I am hoping that people will read my blog out of interest, even if they have not been touched with autism directly or have no prior knowledge. Just because. Therefore, I think it is important to provide a light interpretation of the diagnosis of Autism Spectrum Disorders.

Briefly, there are two main bodies outlining diagnostic criteria; the Diagnostic and Statistical Manual of Mental Disorders (DSM) and International Statistical Classification of Diseases and Related Health Problems (ICD).

DSM

The DSM is a publication by the American Psychiatric Association (APA) for the classification of mental health illness and disorders [Wikipedia, 2020]. The current edition in use, DSM-5 was published in 2013. ASD sits in Section II, Neurodevelopmental Disorders 299.00.

It states that autism spectrum disorder is characterized by:

1. Persistent deficits in social communication and social interaction across multiple contexts, including;

1.1. deficits in social reciprocity- this means there may be a lack of the normal back-and-forth of a conversation, or that the individual doesn’t share much about their feelings and emotions, or they failure to initiate or respond to interactions.

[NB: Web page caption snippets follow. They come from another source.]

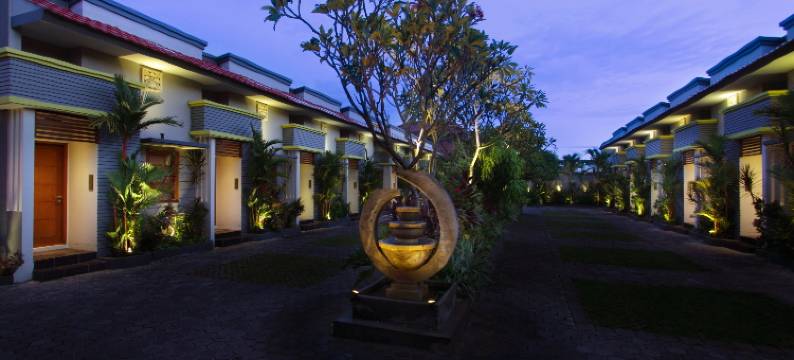 万由马士别墅(The Banyumas Villa)图片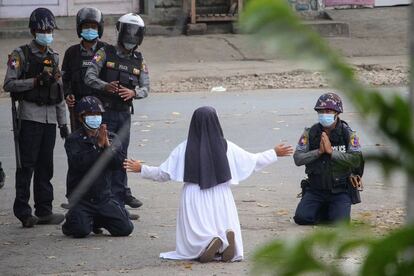 Una monja suplica a la policía que no haga daño a los manifestantes, en la ciudad birmana de Myitkyina, el lunes.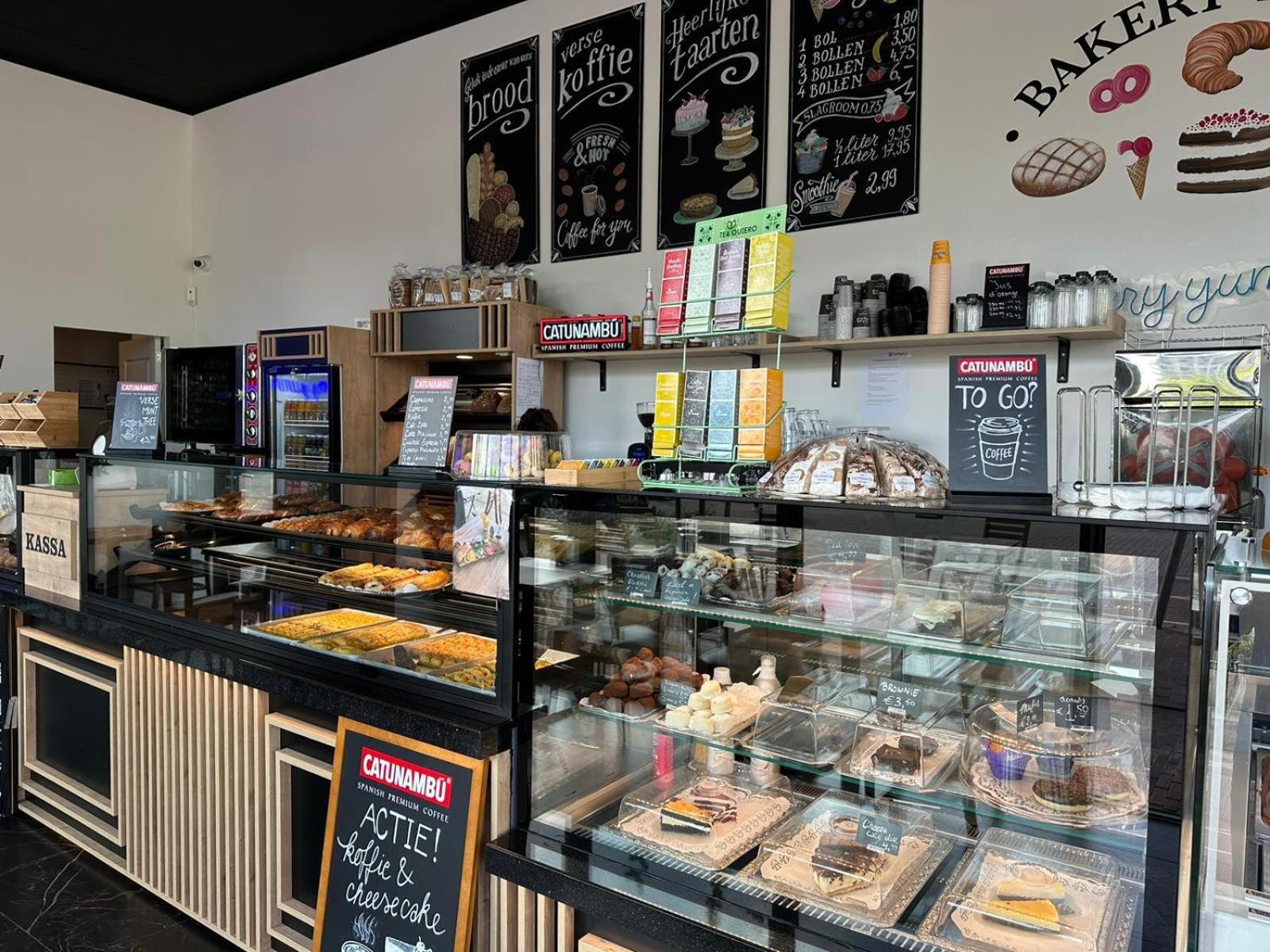 Supermarket/grocery shop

1.2. nonverbal communicative behaviours used for social interaction- this is a reference to the integration of verbal and non-verbal forms of communication like gestures and facial expressions which are recognisable to most as a lack of eye-contact and facial expression.

1.3. skills in developing, maintaining, and understanding relationships- ranging from making friends to sustaining friendships due to an absence of interest in others, lack of imaginative play or a lack of ability to adjust behaviours to the social situation.

2. Restrictive, repetitive patterns of behaviour, interests, or activities.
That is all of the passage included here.